Please return every line from the entries that has the string "Floral" in it.

***** Given data

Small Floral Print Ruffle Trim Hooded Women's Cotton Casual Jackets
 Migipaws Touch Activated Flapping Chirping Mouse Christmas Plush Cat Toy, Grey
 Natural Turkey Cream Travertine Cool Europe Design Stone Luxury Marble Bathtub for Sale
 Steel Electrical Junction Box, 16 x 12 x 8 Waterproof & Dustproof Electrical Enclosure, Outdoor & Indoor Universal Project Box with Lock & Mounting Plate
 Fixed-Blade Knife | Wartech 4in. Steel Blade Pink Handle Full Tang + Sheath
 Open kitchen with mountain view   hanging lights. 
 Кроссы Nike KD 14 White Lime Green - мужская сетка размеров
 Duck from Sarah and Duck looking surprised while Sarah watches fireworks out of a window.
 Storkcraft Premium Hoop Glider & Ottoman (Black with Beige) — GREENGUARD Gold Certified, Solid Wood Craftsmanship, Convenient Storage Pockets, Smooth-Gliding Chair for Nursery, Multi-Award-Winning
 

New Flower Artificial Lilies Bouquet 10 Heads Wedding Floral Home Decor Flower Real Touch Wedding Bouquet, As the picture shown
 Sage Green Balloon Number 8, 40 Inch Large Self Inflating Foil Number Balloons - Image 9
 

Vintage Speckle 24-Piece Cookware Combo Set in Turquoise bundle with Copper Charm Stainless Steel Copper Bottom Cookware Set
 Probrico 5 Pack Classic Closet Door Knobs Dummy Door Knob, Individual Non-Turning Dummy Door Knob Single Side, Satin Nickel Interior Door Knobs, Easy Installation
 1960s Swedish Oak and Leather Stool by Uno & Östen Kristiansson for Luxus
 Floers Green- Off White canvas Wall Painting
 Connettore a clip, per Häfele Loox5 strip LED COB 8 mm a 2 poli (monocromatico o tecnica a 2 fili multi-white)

**********

_Output for this task_.
Small Floral Print Ruffle Trim Hooded Women's Cotton Casual Jackets
New Flower Artificial Lilies Bouquet 10 Heads Wedding Floral Home Decor Flower Real Touch Wedding Bouquet, As the picture shown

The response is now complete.